Segment Start: Dataset content
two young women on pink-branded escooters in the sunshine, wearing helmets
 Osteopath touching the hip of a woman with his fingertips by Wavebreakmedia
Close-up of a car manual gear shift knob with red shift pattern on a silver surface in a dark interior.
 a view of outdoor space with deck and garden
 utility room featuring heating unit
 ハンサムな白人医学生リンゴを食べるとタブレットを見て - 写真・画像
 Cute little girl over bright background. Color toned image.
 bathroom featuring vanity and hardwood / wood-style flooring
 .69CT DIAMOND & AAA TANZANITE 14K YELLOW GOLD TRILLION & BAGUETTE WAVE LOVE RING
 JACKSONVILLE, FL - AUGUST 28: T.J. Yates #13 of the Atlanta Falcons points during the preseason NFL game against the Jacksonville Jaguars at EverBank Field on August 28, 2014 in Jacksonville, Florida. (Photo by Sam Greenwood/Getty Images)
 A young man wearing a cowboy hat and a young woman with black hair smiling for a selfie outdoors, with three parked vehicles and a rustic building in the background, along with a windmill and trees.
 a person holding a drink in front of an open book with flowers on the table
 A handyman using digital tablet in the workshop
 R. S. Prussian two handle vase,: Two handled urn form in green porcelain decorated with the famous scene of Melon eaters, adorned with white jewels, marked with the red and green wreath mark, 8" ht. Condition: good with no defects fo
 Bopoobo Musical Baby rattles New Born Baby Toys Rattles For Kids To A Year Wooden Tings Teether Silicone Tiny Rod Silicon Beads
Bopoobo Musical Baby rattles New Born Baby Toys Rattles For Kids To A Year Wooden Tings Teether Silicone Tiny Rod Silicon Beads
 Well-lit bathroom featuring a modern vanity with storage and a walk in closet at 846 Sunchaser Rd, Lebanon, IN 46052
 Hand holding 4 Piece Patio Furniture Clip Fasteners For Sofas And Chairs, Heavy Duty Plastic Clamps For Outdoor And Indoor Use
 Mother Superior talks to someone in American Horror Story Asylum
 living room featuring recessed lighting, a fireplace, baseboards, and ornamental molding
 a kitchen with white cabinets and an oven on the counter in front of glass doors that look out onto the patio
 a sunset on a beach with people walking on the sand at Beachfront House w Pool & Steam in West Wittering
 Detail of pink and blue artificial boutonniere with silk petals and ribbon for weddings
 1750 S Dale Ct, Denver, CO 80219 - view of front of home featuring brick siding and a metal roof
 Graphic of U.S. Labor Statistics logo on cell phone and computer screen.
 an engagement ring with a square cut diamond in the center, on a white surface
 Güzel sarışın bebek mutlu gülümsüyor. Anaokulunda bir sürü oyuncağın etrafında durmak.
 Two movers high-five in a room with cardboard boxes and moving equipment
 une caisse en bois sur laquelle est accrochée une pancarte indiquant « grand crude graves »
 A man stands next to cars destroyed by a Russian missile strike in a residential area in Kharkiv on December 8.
Segment End: Dataset content
▶ _Work request_
Word for word, retype each record.

▶ _Answer to this task_
two young women on pink-branded escooters in the sunshine, wearing helmets
 Osteopath touching the hip of a woman with his fingertips by Wavebreakmedia
Close-up of a car manual gear shift knob with red shift pattern on a silver surface in a dark interior.
 a view of outdoor space with deck and garden
 utility room featuring heating unit
 ハンサムな白人医学生リンゴを食べるとタブレットを見て - 写真・画像
 Cute little girl over bright background. Color toned image.
 bathroom featuring vanity and hardwood / wood-style flooring
 .69CT DIAMOND & AAA TANZANITE 14K YELLOW GOLD TRILLION & BAGUETTE WAVE LOVE RING
 JACKSONVILLE, FL - AUGUST 28: T.J. Yates #13 of the Atlanta Falcons points during the preseason NFL game against the Jacksonville Jaguars at EverBank Field on August 28, 2014 in Jacksonville, Florida. (Photo by Sam Greenwood/Getty Images)
 A young man wearing a cowboy hat and a young woman with black hair smiling for a selfie outdoors, with three parked vehicles and a rustic building in the background, along with a windmill and trees.
 a person holding a drink in front of an open book with flowers on the table
 A handyman using digital tablet in the workshop
 R. S. Prussian two handle vase,: Two handled urn form in green porcelain decorated with the famous scene of Melon eaters, adorned with white jewels, marked with the red and green wreath mark, 8" ht. Condition: good with no defects fo
 Bopoobo Musical Baby rattles New Born Baby Toys Rattles For Kids To A Year Wooden Tings Teether Silicone Tiny Rod Silicon Beads
Bopoobo Musical Baby rattles New Born Baby Toys Rattles For Kids To A Year Wooden Tings Teether Silicone Tiny Rod Silicon Beads
 Well-lit bathroom featuring a modern vanity with storage and a walk in closet at 846 Sunchaser Rd, Lebanon, IN 46052
 Hand holding 4 Piece Patio Furniture Clip Fasteners For Sofas And Chairs, Heavy Duty Plastic Clamps For Outdoor And Indoor Use
 Mother Superior talks to someone in American Horror Story Asylum
 living room featuring recessed lighting, a fireplace, baseboards, and ornamental molding
 a kitchen with white cabinets and an oven on the counter in front of glass doors that look out onto the patio
 a sunset on a beach with people walking on the sand at Beachfront House w Pool & Steam in West Wittering
 Detail of pink and blue artificial boutonniere with silk petals and ribbon for weddings
 1750 S Dale Ct, Denver, CO 80219 - view of front of home featuring brick siding and a metal roof
 Graphic of U.S. Labor Statistics logo on cell phone and computer screen.
 an engagement ring with a square cut diamond in the center, on a white surface
 Güzel sarışın bebek mutlu gülümsüyor. Anaokulunda bir sürü oyuncağın etrafında durmak.
 Two movers high-five in a room with cardboard boxes and moving equipment
 une caisse en bois sur laquelle est accrochée une pancarte indiquant « grand crude graves »
 A man stands next to cars destroyed by a Russian missile strike in a residential area in Kharkiv on December 8.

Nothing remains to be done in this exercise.